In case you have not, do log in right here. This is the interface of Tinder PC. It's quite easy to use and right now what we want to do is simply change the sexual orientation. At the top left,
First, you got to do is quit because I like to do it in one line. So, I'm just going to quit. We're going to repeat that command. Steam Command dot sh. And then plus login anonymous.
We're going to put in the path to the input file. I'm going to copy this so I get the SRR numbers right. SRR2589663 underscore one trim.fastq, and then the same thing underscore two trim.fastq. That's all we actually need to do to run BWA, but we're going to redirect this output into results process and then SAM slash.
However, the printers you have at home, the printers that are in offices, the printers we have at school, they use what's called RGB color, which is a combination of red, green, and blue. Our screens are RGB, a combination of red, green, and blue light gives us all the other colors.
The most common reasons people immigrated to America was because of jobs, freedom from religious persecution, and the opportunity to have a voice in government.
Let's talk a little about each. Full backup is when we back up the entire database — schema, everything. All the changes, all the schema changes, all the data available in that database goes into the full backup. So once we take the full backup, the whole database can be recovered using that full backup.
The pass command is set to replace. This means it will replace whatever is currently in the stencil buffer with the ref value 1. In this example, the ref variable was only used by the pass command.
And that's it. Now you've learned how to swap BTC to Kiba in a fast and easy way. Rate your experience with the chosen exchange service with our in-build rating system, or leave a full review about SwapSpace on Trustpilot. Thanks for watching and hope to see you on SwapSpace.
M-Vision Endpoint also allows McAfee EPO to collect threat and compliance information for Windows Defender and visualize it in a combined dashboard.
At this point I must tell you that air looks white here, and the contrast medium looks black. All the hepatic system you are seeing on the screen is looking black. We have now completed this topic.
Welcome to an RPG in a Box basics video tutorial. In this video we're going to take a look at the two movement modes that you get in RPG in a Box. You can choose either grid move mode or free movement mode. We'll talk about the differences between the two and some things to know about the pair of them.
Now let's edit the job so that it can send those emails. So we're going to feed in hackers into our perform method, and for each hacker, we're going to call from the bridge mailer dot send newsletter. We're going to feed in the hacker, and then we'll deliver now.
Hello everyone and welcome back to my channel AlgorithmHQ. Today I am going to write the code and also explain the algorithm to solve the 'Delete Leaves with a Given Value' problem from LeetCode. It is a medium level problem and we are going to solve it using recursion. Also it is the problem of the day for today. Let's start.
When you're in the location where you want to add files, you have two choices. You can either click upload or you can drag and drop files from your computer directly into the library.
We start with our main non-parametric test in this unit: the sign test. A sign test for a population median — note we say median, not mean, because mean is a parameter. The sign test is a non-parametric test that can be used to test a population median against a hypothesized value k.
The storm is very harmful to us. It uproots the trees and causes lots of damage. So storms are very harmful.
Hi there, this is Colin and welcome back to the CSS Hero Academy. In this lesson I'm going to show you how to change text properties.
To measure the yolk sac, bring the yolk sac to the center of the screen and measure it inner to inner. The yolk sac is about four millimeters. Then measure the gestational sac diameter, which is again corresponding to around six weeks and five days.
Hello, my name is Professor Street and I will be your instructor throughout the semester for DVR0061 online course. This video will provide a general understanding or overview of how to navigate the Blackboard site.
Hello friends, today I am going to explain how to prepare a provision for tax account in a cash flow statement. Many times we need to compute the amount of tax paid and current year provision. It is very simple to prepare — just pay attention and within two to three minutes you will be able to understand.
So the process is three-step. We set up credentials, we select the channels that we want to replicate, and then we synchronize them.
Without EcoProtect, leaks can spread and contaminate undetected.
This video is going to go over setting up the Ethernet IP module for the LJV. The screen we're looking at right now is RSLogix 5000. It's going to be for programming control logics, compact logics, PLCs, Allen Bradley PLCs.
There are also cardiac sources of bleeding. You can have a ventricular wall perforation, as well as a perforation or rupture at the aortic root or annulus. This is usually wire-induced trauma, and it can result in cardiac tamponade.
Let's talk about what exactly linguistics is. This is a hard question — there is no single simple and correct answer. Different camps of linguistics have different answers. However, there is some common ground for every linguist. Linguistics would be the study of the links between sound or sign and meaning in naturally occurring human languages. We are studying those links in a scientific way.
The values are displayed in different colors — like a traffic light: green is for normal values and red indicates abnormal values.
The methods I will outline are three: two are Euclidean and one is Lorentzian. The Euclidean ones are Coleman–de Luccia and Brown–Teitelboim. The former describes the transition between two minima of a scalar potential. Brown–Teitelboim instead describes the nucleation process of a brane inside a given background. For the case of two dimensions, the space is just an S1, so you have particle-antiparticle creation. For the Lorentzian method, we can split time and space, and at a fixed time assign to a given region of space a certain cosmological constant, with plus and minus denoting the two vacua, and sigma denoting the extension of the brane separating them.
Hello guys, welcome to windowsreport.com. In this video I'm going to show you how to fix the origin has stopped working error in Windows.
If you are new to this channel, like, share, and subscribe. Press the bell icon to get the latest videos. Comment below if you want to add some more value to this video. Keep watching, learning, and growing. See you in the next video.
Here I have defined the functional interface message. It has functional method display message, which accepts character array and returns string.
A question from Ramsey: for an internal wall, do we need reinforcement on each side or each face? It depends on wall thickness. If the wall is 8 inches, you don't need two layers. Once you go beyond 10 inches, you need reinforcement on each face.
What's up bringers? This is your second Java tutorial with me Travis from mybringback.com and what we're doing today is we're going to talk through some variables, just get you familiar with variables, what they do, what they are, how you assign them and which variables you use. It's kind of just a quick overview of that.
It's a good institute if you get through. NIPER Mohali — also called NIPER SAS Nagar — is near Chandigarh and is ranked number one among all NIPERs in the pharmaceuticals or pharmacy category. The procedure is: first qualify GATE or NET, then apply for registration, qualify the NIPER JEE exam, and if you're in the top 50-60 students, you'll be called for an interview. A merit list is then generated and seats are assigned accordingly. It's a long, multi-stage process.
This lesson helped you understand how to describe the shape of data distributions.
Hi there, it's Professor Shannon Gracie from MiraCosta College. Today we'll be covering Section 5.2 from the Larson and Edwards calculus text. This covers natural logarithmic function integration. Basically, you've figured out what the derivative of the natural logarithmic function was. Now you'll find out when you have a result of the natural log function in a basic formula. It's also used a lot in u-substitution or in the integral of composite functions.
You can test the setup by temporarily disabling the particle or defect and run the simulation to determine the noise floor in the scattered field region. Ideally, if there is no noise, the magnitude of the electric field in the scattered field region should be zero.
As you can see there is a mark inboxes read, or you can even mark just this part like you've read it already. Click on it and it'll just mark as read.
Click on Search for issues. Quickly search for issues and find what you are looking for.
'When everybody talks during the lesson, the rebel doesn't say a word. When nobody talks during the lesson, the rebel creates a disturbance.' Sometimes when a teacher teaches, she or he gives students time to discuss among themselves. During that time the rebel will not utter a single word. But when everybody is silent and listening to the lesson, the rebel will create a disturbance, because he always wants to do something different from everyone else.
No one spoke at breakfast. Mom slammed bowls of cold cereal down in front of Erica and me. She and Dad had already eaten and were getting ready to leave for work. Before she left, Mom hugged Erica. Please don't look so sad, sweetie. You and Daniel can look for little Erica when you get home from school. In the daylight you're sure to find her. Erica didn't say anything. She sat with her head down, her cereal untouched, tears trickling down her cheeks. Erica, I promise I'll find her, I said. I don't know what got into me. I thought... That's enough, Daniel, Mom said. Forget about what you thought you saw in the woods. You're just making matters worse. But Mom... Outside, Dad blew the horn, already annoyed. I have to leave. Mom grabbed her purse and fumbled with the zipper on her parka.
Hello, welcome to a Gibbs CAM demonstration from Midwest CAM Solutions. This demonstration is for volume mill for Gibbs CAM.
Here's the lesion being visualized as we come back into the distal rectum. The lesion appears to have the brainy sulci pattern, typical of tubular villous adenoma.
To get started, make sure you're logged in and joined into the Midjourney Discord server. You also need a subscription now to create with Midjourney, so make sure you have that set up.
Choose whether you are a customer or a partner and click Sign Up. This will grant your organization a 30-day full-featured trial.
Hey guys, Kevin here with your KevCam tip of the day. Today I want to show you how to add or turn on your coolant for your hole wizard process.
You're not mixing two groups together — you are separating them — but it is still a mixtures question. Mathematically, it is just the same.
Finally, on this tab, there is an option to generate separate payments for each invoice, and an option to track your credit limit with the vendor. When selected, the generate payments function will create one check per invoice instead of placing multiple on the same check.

--------------------

• What you should do: An exact, complete copy of the lines above from the one with "This lesson helped" through the one with "from everyone else." is the whole answer.

• Expected output:
This lesson helped you understand how to describe the shape of data distributions.
Hi there, it's Professor Shannon Gracie from MiraCosta College. Today we'll be covering Section 5.2 from the Larson and Edwards calculus text. This covers natural logarithmic function integration. Basically, you've figured out what the derivative of the natural logarithmic function was. Now you'll find out when you have a result of the natural log function in a basic formula. It's also used a lot in u-substitution or in the integral of composite functions.
You can test the setup by temporarily disabling the particle or defect and run the simulation to determine the noise floor in the scattered field region. Ideally, if there is no noise, the magnitude of the electric field in the scattered field region should be zero.
As you can see there is a mark inboxes read, or you can even mark just this part like you've read it already. Click on it and it'll just mark as read.
Click on Search for issues. Quickly search for issues and find what you are looking for.
'When everybody talks during the lesson, the rebel doesn't say a word. When nobody talks during the lesson, the rebel creates a disturbance.' Sometimes when a teacher teaches, she or he gives students time to discuss among themselves. During that time the rebel will not utter a single word. But when everybody is silent and listening to the lesson, the rebel will create a disturbance, because he always wants to do something different from everyone else.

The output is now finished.